Ieri un giovane di 14 anni è stato portato in ospedale quasi in condizioni di coma etilico dopo una serata con gli amici. Ma è solo l’ultimo episodio di una lunga serie di eccessi, di gesti inconsulti e sconsiderati. Gli esempi si potrebbero moltiplicare. Spesso penso a questi poveri ragazzi — poveri nel senso che non sanno cosa fare, cosa dire, come passare il tempo, come stare e cosa fare con la ragazza, con gli amici, a scuola e che spesso si fanno conoscere per atti osceni, violenti, drammatici, in definitiva per fatti o momenti di morte — e mi chiedo quanto soffriranno, quanto penosa deve essere la loro esistenza. Sicuramente hanno un cuore grande, un’attesa infinita, come è sempre stato per ogni uomo in tutte le età e a tutte le latitudini, ma nell’età della gioventù sappiamo che il desiderio va a mille, soprattutto in quest’epoca in cui tutto sembra ingigantito. Eppure questi ragazzi non parlano, non si esprimono, non guardano, non comunicano, non sorridono, non ridono. Tutta questa vita che gli scoppia in petto perché non esce, non dilaga, non si dà, non si concede? Perché non riescono a partecipare al mondo intero quell’energia che pure alberga nel loro cuore?

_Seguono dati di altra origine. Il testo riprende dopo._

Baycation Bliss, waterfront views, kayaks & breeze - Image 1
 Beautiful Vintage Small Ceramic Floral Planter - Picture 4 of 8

Non chiedono, non sanno chiedere, eppure chiedere, alzare lo sguardo, invocare è la cosa più bella, più tranquillizzante. Pacificante perché fa intravedere l’esperienza del fidarsi. Ma per chiedere occorre imparare ad abbandonare il pregiudizio (ma forse è più opportuno parlare di giudizio) che io sono solo contro tutto e tutti, che me la devo cavare con le sole mie forze, che io mi faccio, sì mi faccio io da solo… Quanto lavoro dobbiamo compiere per ottenere che i giovani (e gli adulti) non abbiano più il problema di essere bravi, all’altezza, performanti.



Quando comincio a chiedere, ad imparare dagli altri, da chi è più grande, più avanti di me mi accorgo che sono più bello, più bello di una bellezza acuta, profonda, ammirabile, unica. Insomma il punto è lasciarsi colpire, imparare l’umiltà di lasciarsi ferire da tutto e da tanto. Occorre dare tutto e attendere tantissimo. Tutto e subito, con una pazienza infinita.

E’ importante non pensarsi arrivati, saputi, già imparati, altrimenti non riusciamo a percorrere la strada più interessante, quella di scendere nel nostro cuore, dentro noi stessi, per scoprire che c’è qualcosa che non finisce mai, che è al di là di ogni misura, un volto che crea e fa il mio stesso vero volto. 



Riusciamo a scoprire questo qualcosa e a costruire su di esso se pensiamo che la meta, anzi che l’origine, l’alba e l’aurora, il mezzogiorno e financo la sera, tutto insomma è la gioia, tutto nasce dalla gioia e porta alla gioia. Sì, quello che cerchiamo in ogni gesto e momento è la gioia. 

Non siamo e non partiamo dal dolore, dalla tristezza e dalla sconfitta, ma dal nostro cuore che vuole e cerca la gioia.